- [WHAT IS BEING ASKED]: Everything in the entries below must be reproduced exactly, except the images.

- [LISTED RECORDS]:
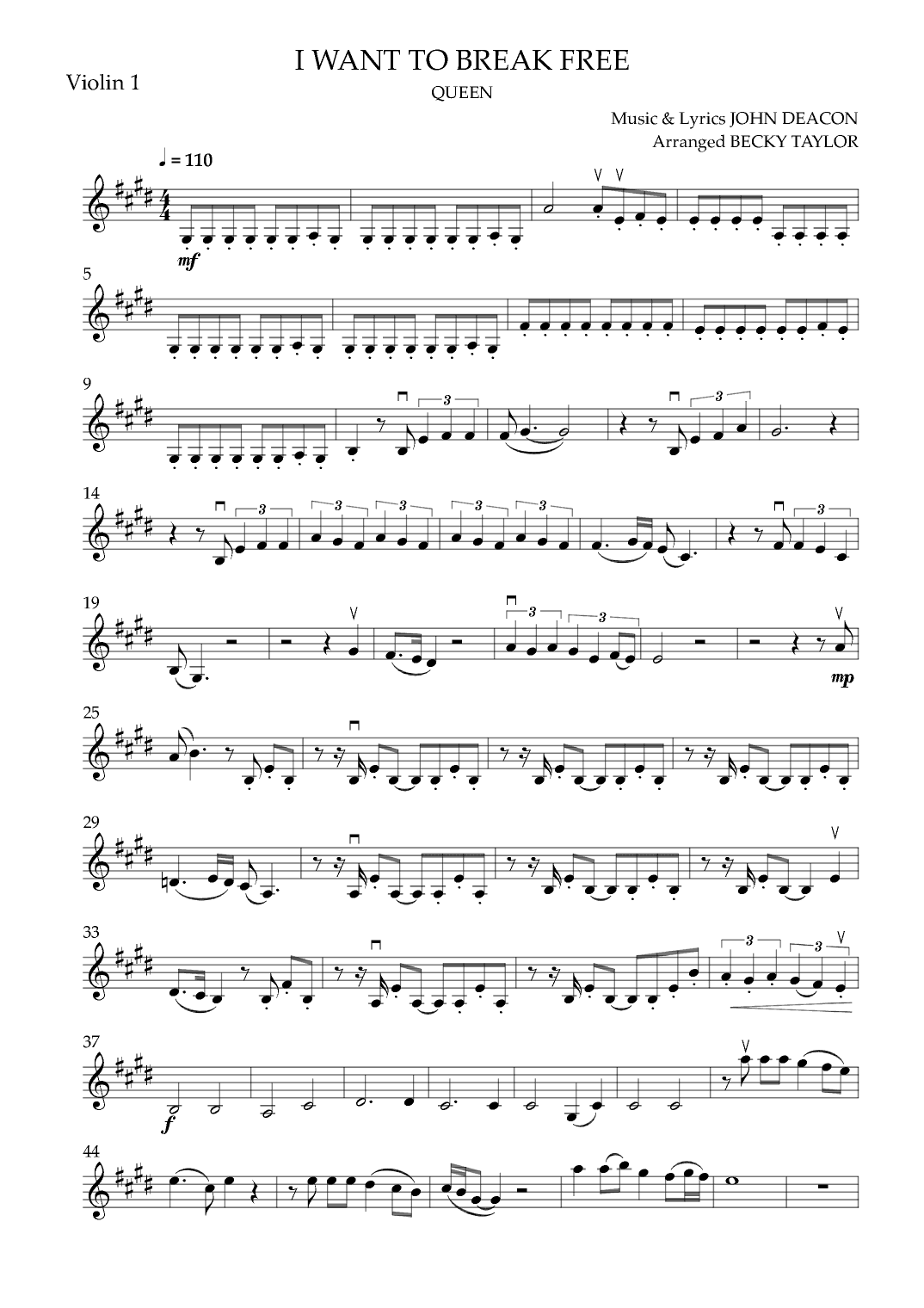 I Want To Break Free (arr. Becky Taylor)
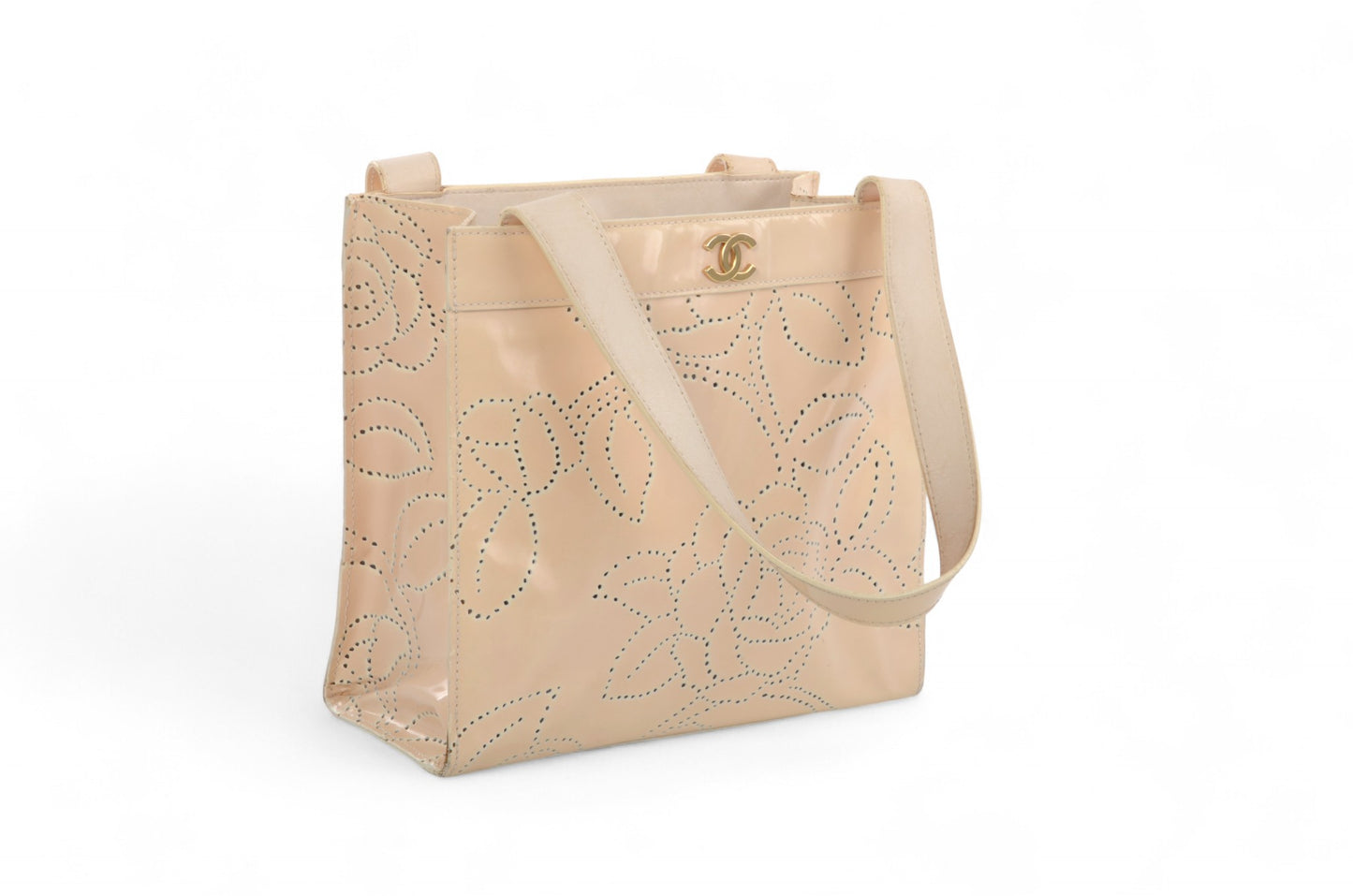 Chanel CC Vintage Camellia Perforated Tote Patent Leather Handbag Shoulder Bag Beige Flowers Designer Classic Authentic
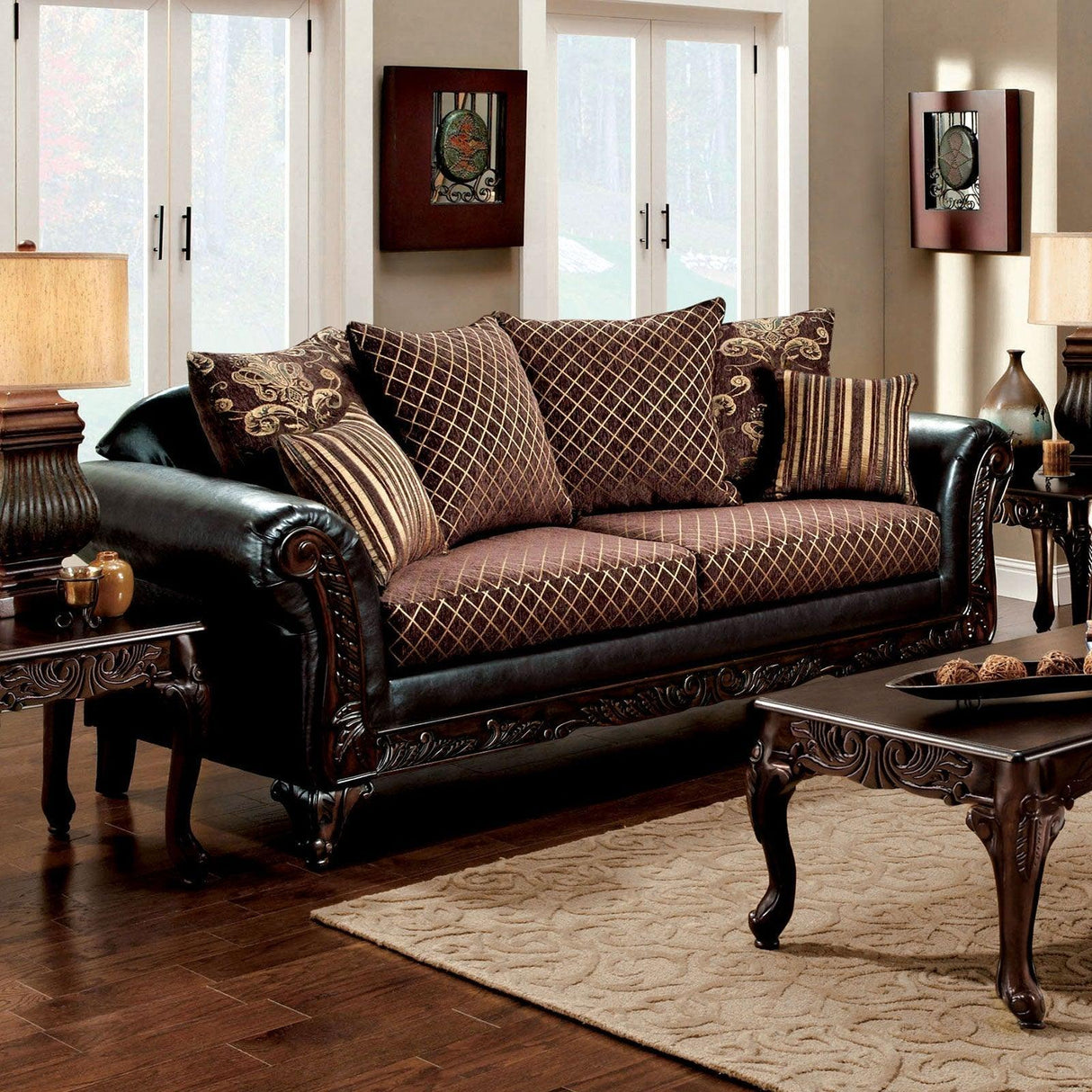 San Roque Brown/Espresso/Dark Cherry Sofa by Furniture of America at Eve Furniture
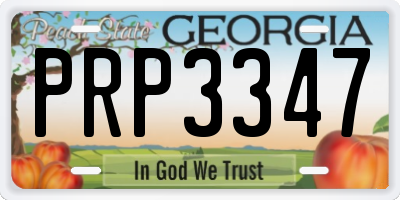 GA license plate PRP3347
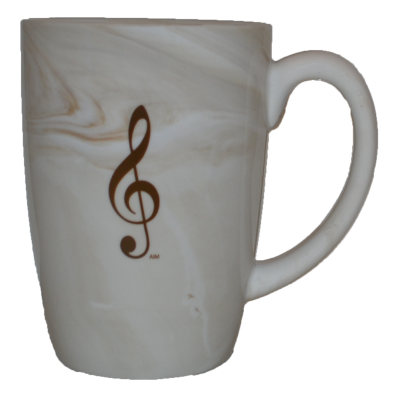 AIM Gifts - Treble Clef Coffee Mug -  Marbleized Brown
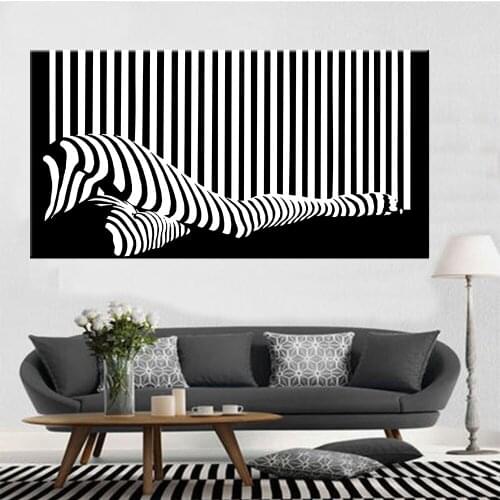 Modern Abstract Women Strip Canvas Painting Wall Art Living Room No Frame Canvas Picture Home Decoration Women Painting Posters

- [PROBLEM SOLUTION]:
 I Want To Break Free (arr. Becky Taylor)
 Chanel CC Vintage Camellia Perforated Tote Patent Leather Handbag Shoulder Bag Beige Flowers Designer Classic Authentic
 San Roque Brown/Espresso/Dark Cherry Sofa by Furniture of America at Eve Furniture
 GA license plate PRP3347
 AIM Gifts - Treble Clef Coffee Mug -  Marbleized Brown
 Modern Abstract Women Strip Canvas Painting Wall Art Living Room No Frame Canvas Picture Home Decoration Women Painting Posters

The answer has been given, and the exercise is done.